Lege voeding die ons toch vervult

Opmerkelijk is dat deze drie bronnen, hoe verschillend ook begrepen, in hun aard iets gemeen hebben met water. Zoals bronwater het lichaam voedt zonder bouwstof of energie te leveren, zo voeden God, natuur en het universum de geest zonder dat ze vastomlijnde en directe antwoorden geven. Ze geven rust, ruimte, stilte.
Water bevat geen calorieën. Toch kunnen we zonder water niet leven. Ons lichaam bestaat er grotendeels uit. Het draagt, transporteert, zuivert. Zo lijken ook God, natuur en het universum te functioneren: niet als datgene wat het leven vormgeeft, maar als datgene waarin het leven kan ontstaan.

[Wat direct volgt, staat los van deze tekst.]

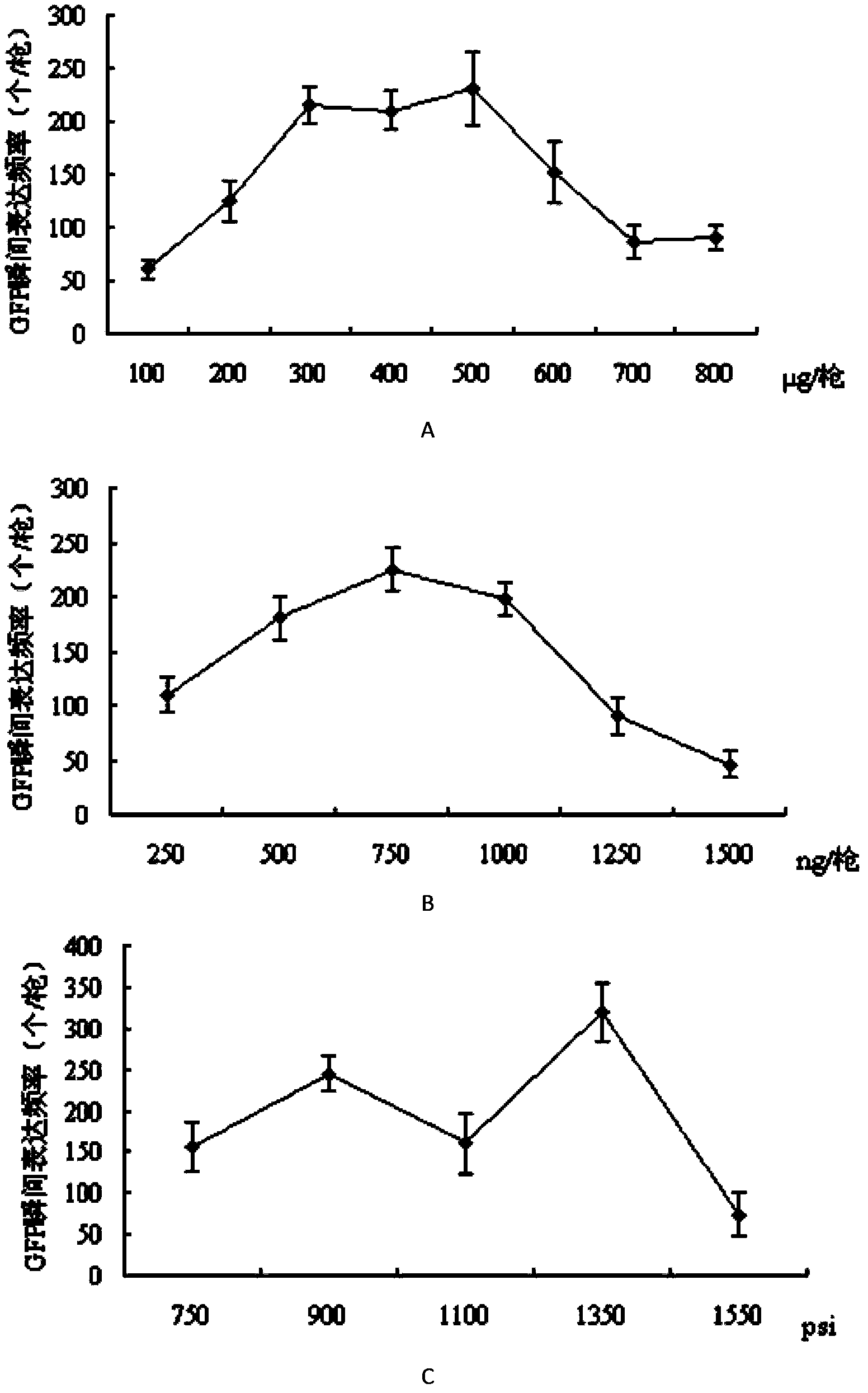 Method for transient expression of wheat leaf single cell based on efficient gene gun conversion and application of method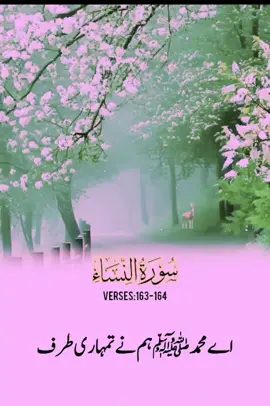 #Quran8002 #Viralvideo #100kviews #Foryoupage #2025 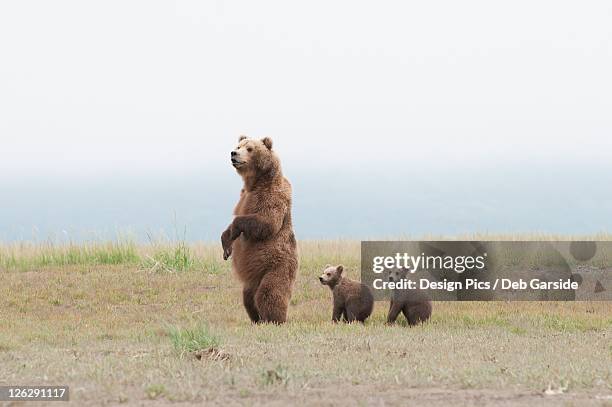 a brown grizzly bear (ursus arctos horribilis) standing up with cubs - big bums fotografías e imágenes de stock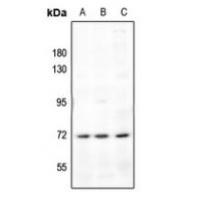 Frizzled 1/2/7 Antibody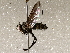  (Lixophaga Malaise8900 - BIOUG64461-H03)  @11 [ ] CreativeCommons - Attribution (2021) Centre for Biodiversity Genomics Centre for Biodiversity Genomics
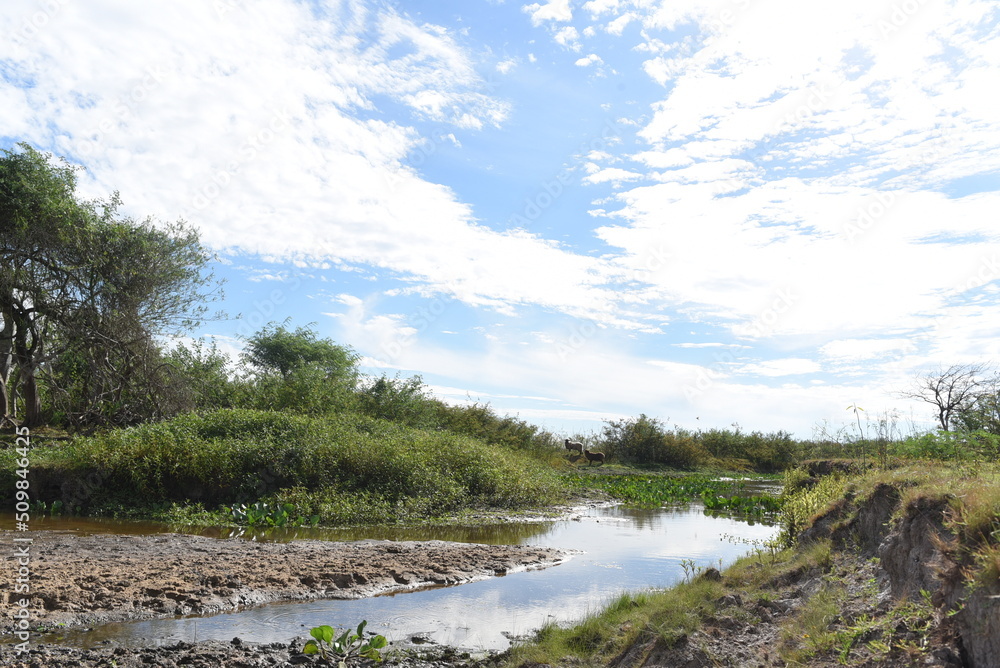 Imagenes de la llanura, campo argentino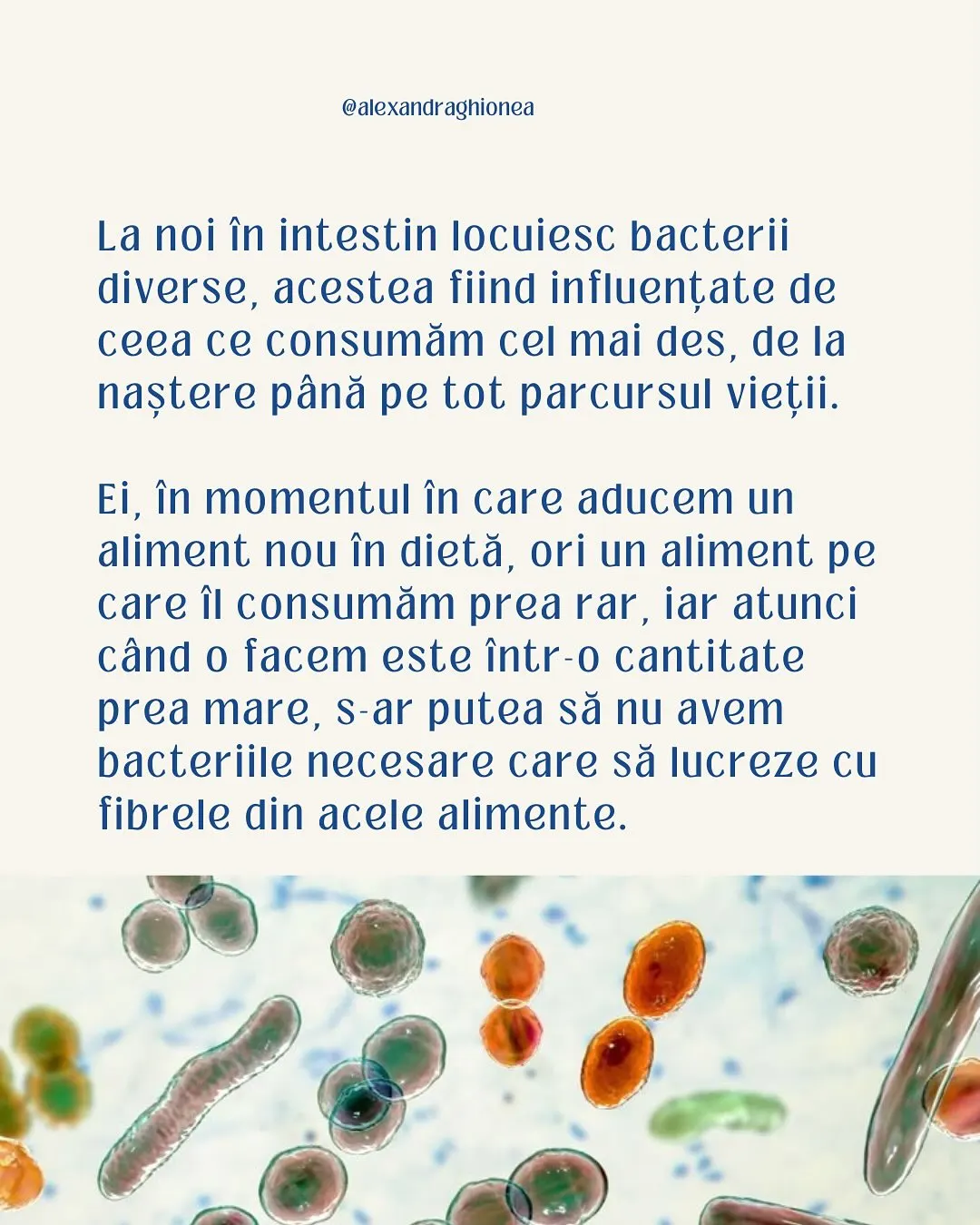 La noi în intestin locuiesc bacterii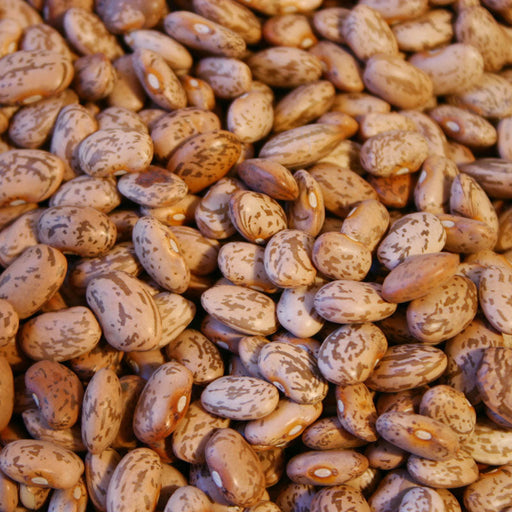 Close-up of speckled dry pinto beans. Healthy legumes, protein-rich ingredient for cooking, chili, and stews.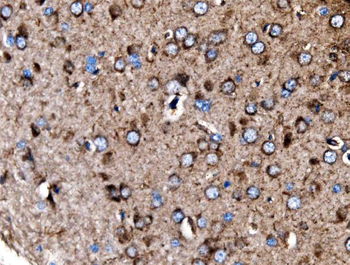 MDH2 Antibody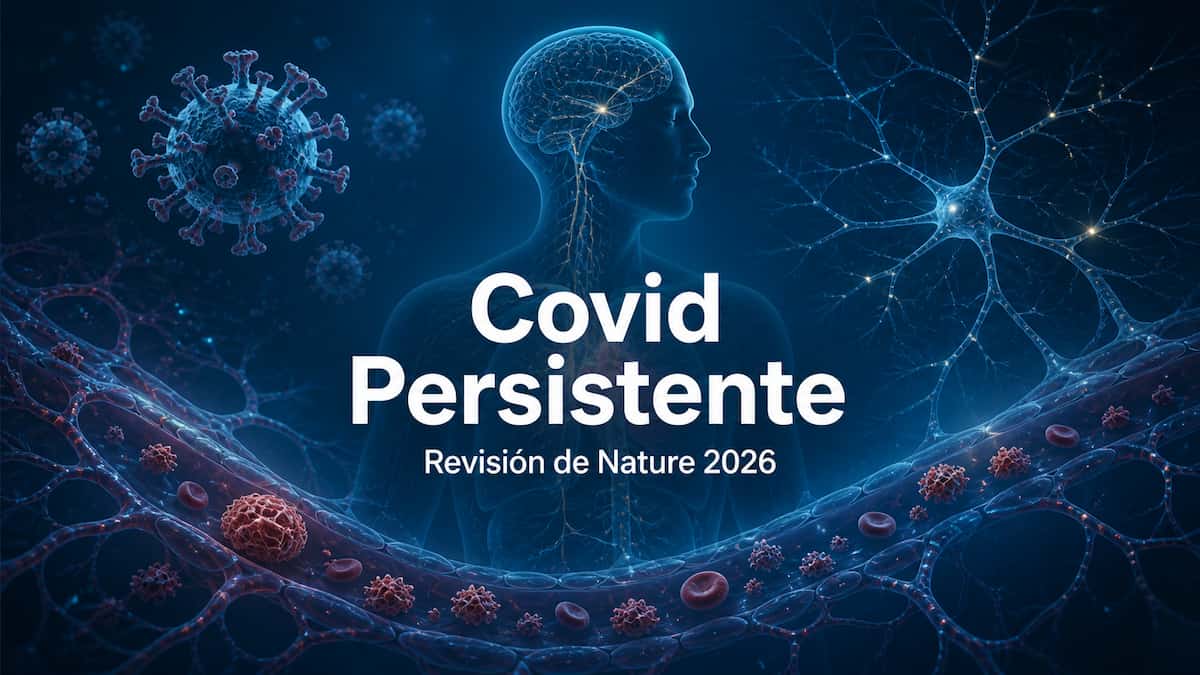 Covid Persistente: revisión de Nature integra inmunidad, virus, endotelio, microcoágulos y disautonomía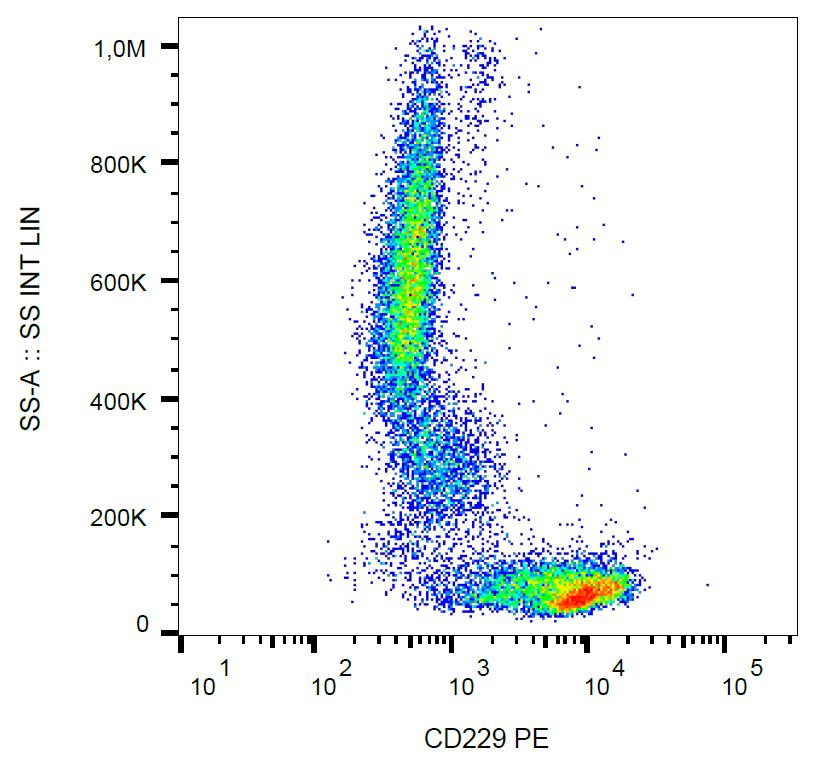 Anti-CD229 / Ly9 Monoclonal Antibody (Clone:HLy9.25)-PE Conjugated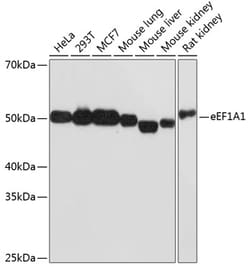 Invitrogen EEF1A1 Recombinant Rabbit Monoclonal Antibody (0X0H8) 100 &mu;L | Buy Online | Invitrogen&trade; | Fisher Scientific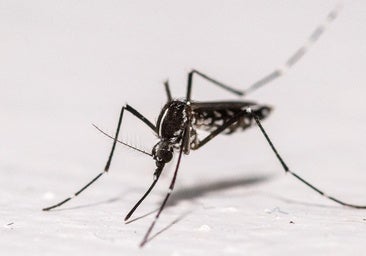 Mosquitos transmisores del virus del Nilo en Extremadura
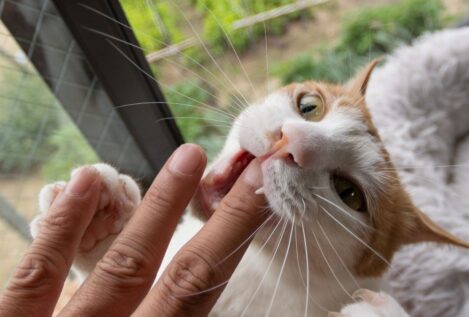 El truco viral del influencer Carliyo para que tu gato deje de morder: un método sencillo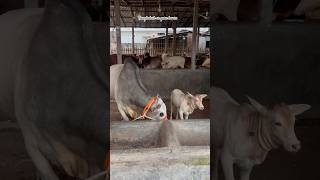 এটা কোন ফার্ম বোলতে পারবেন কেউ? #bull #animals #calf #trending #shorts #viralvideo #subscribe #like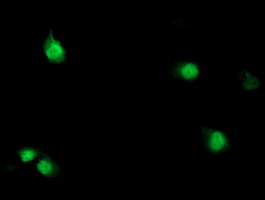 m02273 anti sds mouse monoclonal antibody clone id oti3d3 if testing 6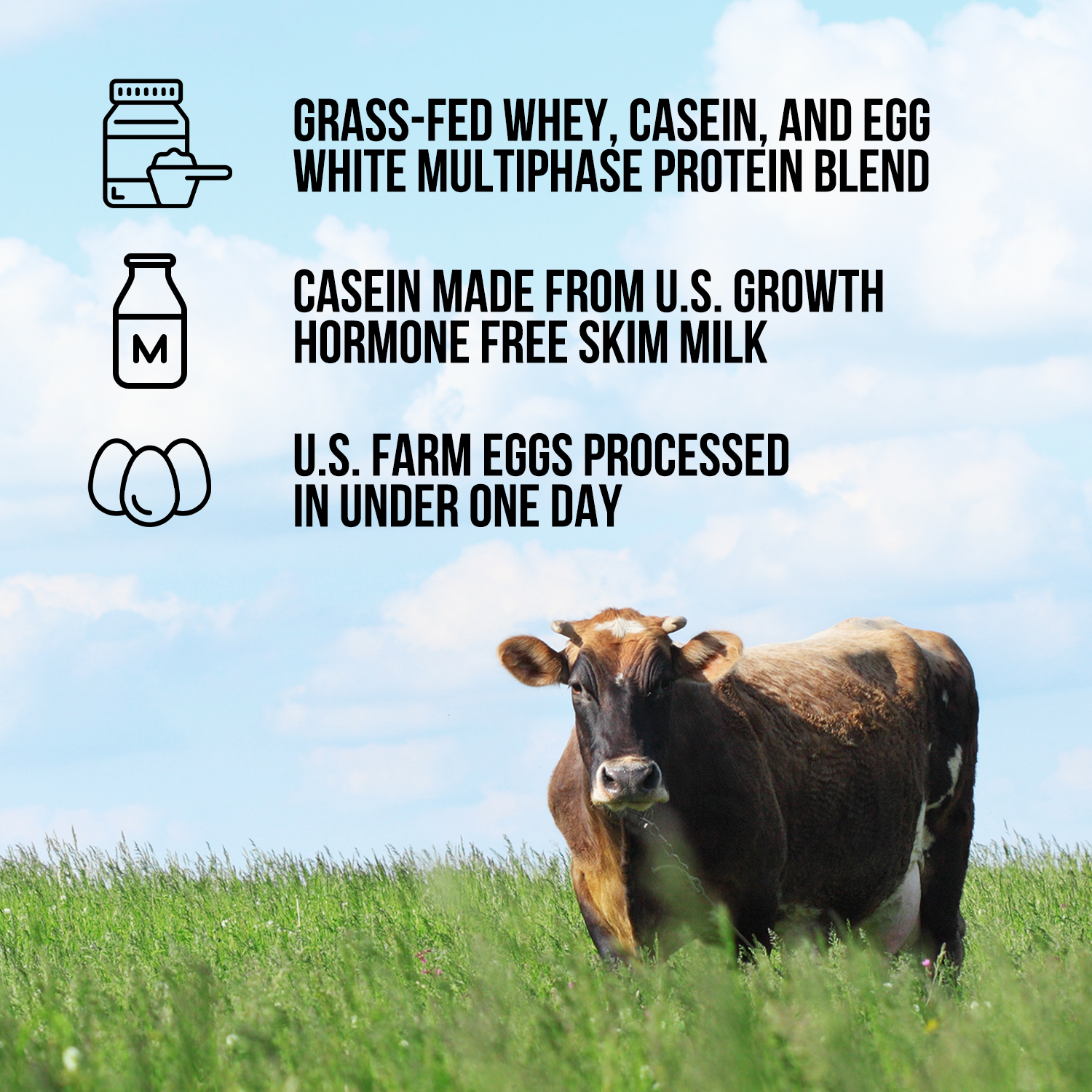 Protein Powder Blend - 3LB Egg Whey and Casein Protein Blend - 3LB Made for Shakes, Smoothies and Recipes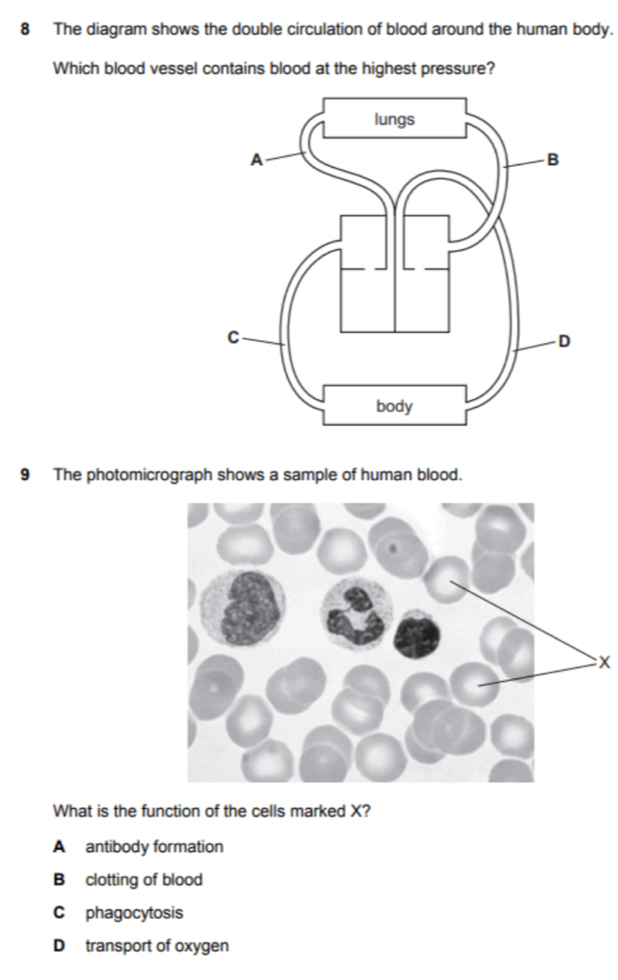 The diagram shows the double circulation of blood around the human body.
Which blood vessel contains blood at the highest pressure?
9 The photomicrograph shows a sample of human blood.
x
What is the function of the cells marked X?
A antibody formation
B clotting of blood
C phagocytosis
D transport of oxygen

Het zijn bronnen van leegte,
maar een leegte die draagt.
In een tijd waarin zingeving vaak gezocht wordt in betekenis, richting, structuur, lijkt het een omweg om te verwijzen naar wat niets “oplevert”. Toch blijkt het steeds opnieuw: ware rust komt niet voort uit volheid, maar uit ruimte. Wie stil wordt in de natuur, wie bidt zonder woorden, of staart in de nachtelijke hemel, ervaart iets wat geen kennis is, maar toch inzicht brengt.
We voeden ons met het lege.
Niet als tekort, maar als bedding.
God, natuur en het universum zijn daarmee geen verklaringen, maar ontmoetingen. Geen kennisobjecten, maar ervaringsbronnen. Net als water zijn ze vormloos, en toch onmisbaar. Ze brengen niets nieuws in ons, maar laten datgene wat al in ons leeft tot rust komen.
En misschien is dat de diepste paradox van het mens-zijn:
dat we pas vol worden wanneer we kunnen ontvangen wat leeg is.